The New York Stock Exchange (NYSE) said on Friday it will delist three Chinese telecommunication companies to comply with a U.S. executive order that imposed restrictions on companies identified as "affiliated with the Chinese military".
China Mobile, China Telecom, China Unicom (Hong Kong) will be suspended from trading between January 7 and January 11, according to the statement by the NYSE.
The Trump administration last November unveiled an executive order barring U.S. investments in Chinese companies that it claims to be owned or controlled by the Chinese military.

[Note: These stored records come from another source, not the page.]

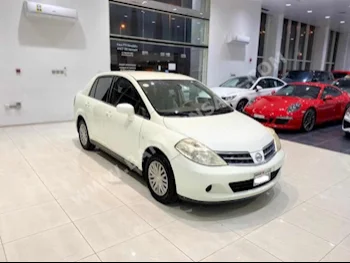 Nissan  Tiida  2009  Sedan  Automatic  4  185,050  FWD  White  Gasoline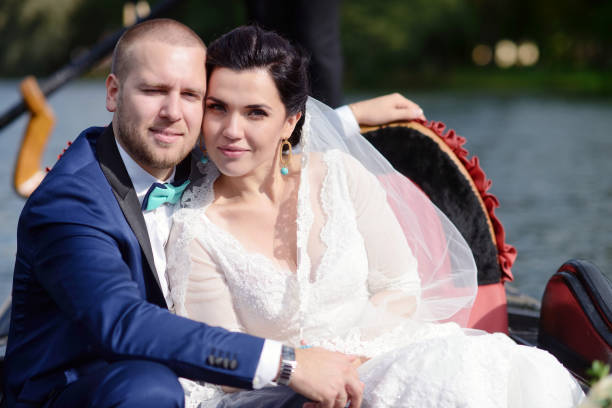 istock Wedding couple is hugging on a floating gondola 812798358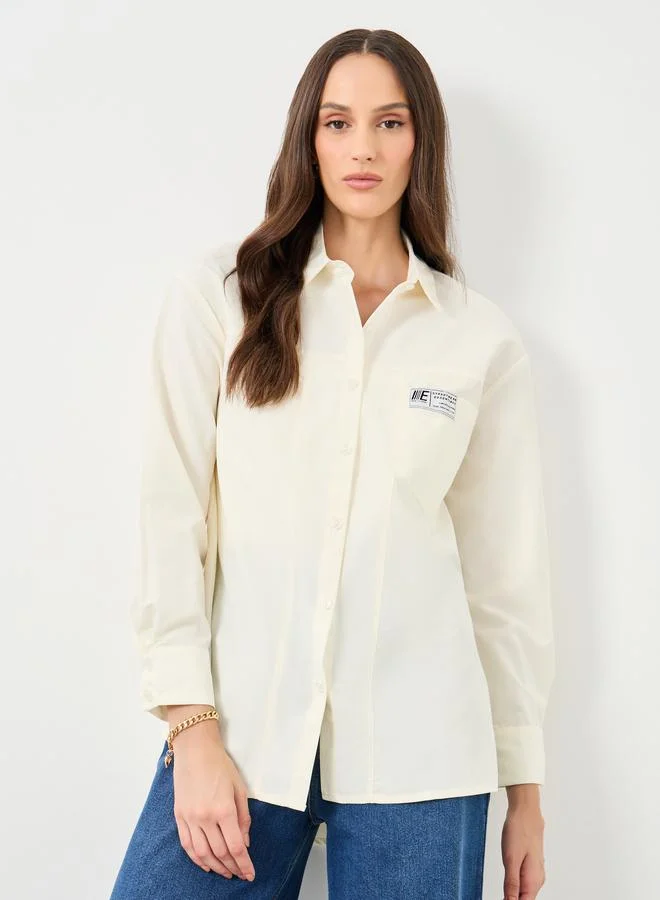 ستايلي Styli Women Cream High-Low Hem Shirt with Patch Detail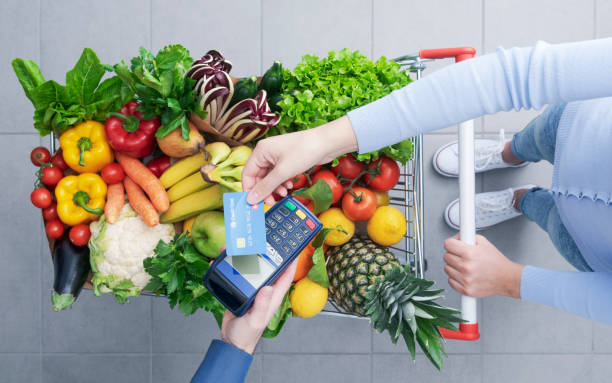 istock Woman paying for groceries using a credit card 1397527340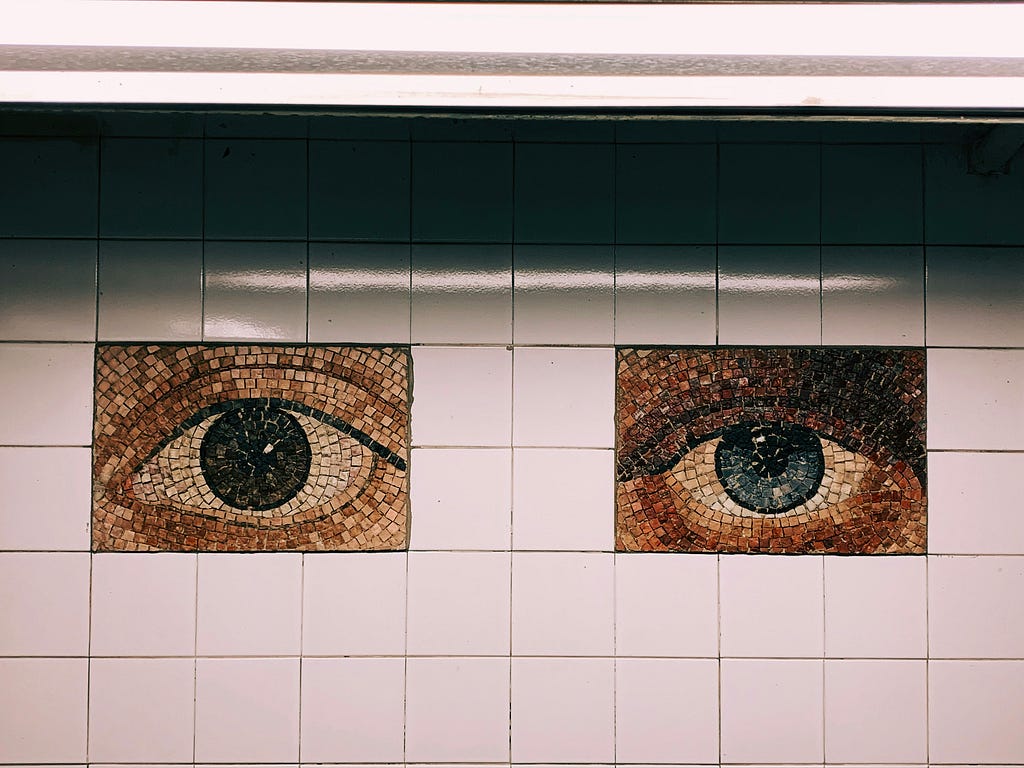 Foto de decoración de mosaicos que representan ojos. Uno de ellos está completamente abierto y el otro medio cerrado.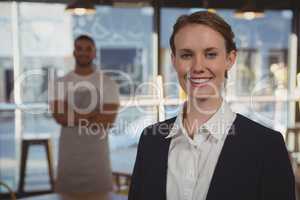 Portrait of female owner with waiter in background at cafe
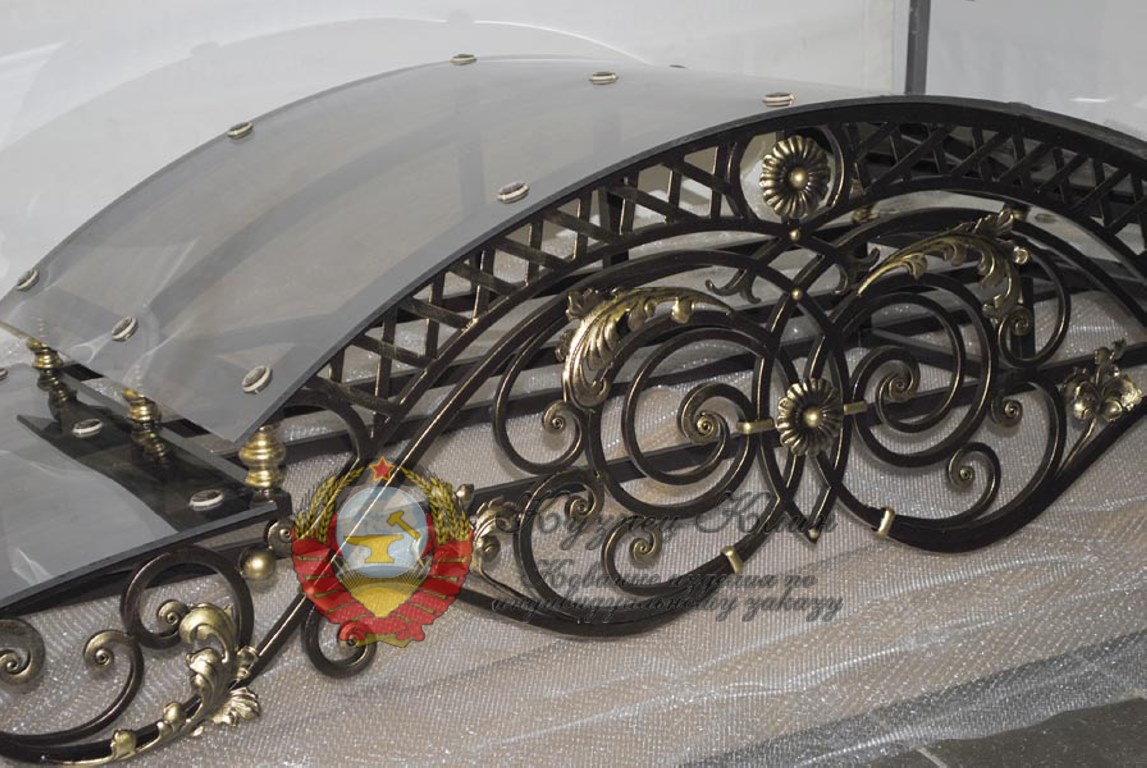 Кованый козырек ажурный
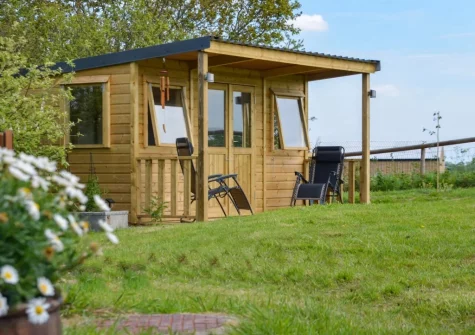 The dog friendly enclosed garden & summer house at The Coach House, Whiddon Down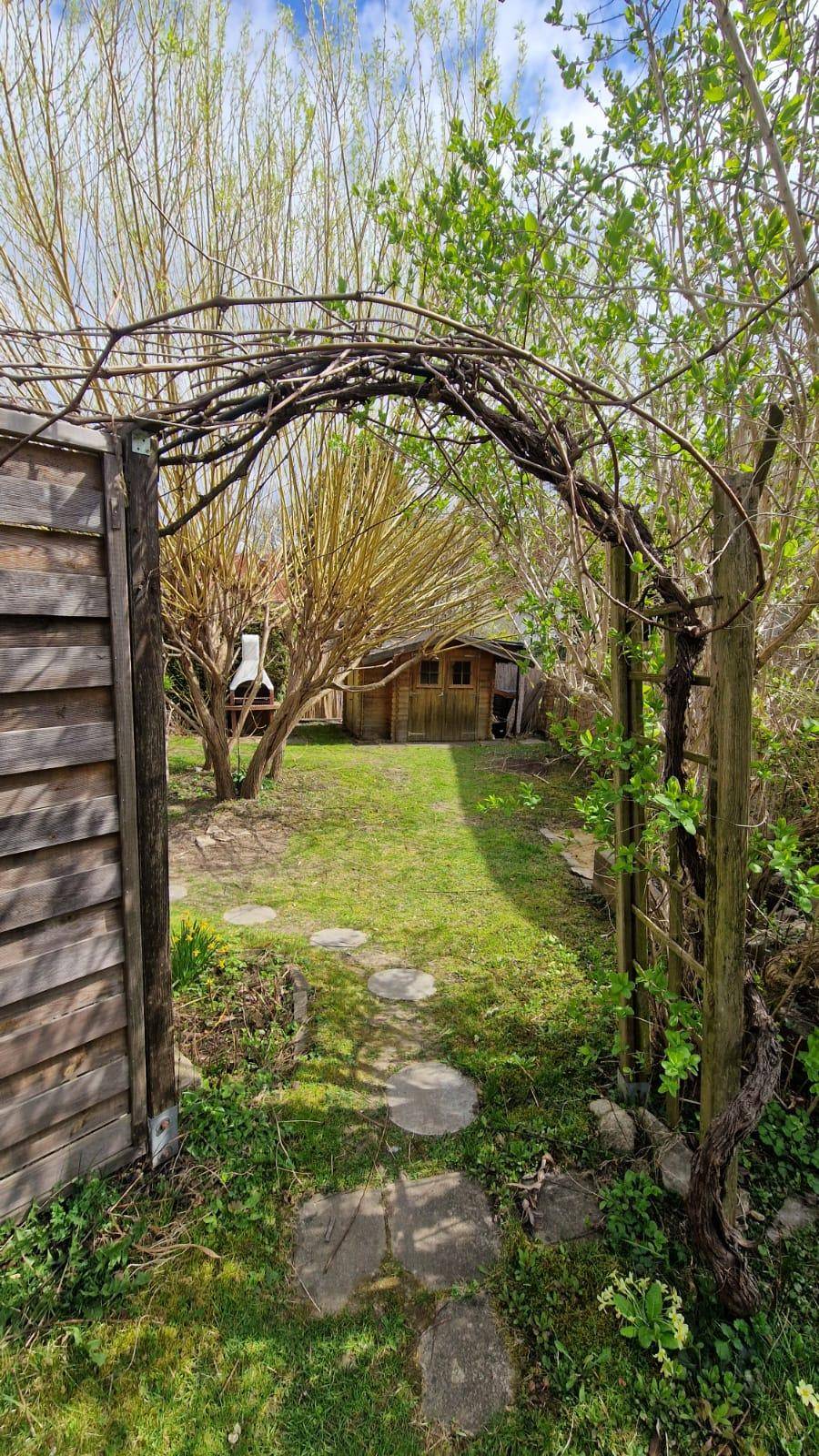 Idyllischer Gartenweg führt durch einen bewachsenen Bogen zu einem kleinen Holzschuppen.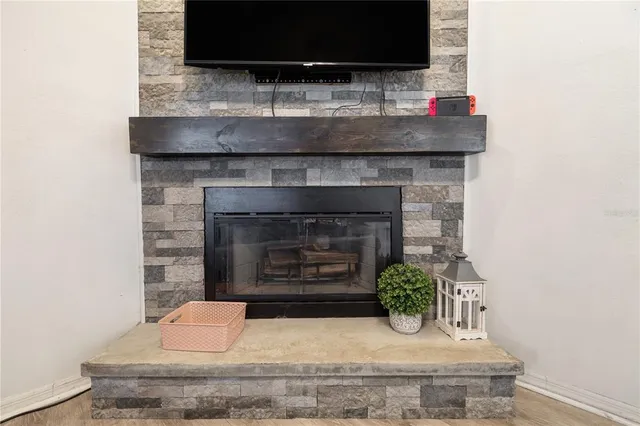 a kitchen with a fireplace and a potted plant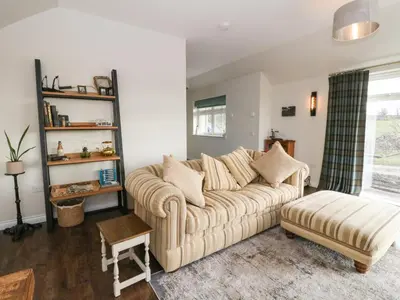 a living room with a couch and a stool at The Old House, Balure in Oban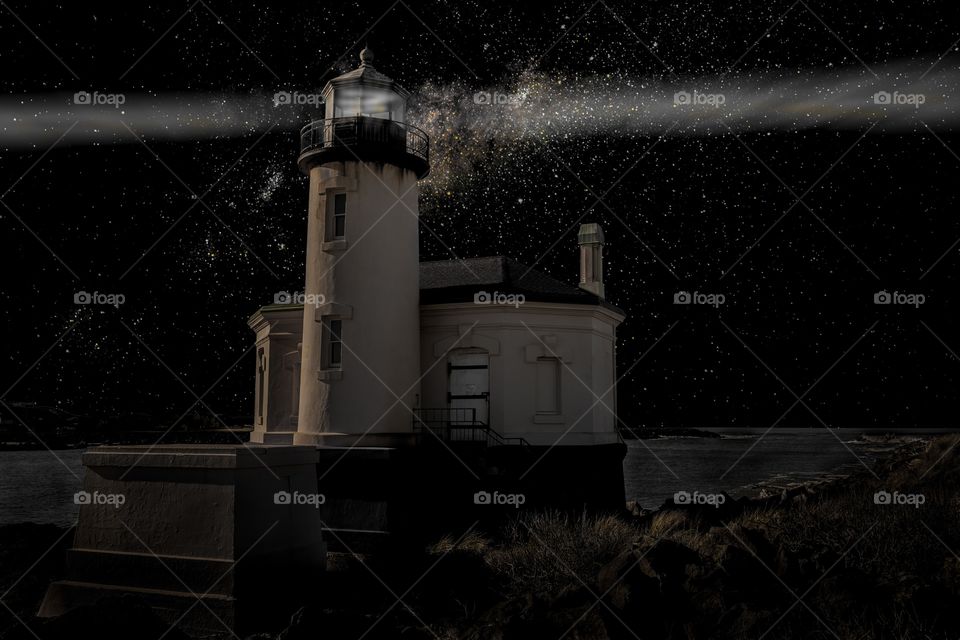 Lighthouse glowing at night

The injunction is slated to deter U.S. investors from buying shares of the Chinese companies designated by the Pentagon as backed by the military forces.
A pack of Chinese companies has been removed from indexes compiled by MSCI, S&P Dow Jones Global Indices and FTSE Russell out of the order.
The U.S. Department of Commerce on December 21 added 103 entities including 58 Chinese companies onto a "military end user" list, aiming to restrict them from buying a wide range of U.S. goods and technology. It came just a weekend after the U.S. added dozens of Chinese firms, including chipmaker Semiconductor Manufacturing International Corp and drone producer SZ DJI Technology, to its "entity list".
The "entity list," which dates back to February 1997, covers a host of businesses, research institutions, and individuals subject to license requirements for the export, re-export and transfer of certain items to the country.
China urged the U.S. side to stop taking "erroneous actions" on Chinese companies in response to the U.S. latest restrictions on Chinese firms. "We firmly oppose the U.S. politicizing economic and trade issues," said Chinese Foreign Ministry spokesperson Wang Wenbin on December 22, adding the move violates international trade rules.
"The U.S. not only harms the legitimate rights and interests of Chinese companies, but also injures the interests of U.S. companies," added Wang.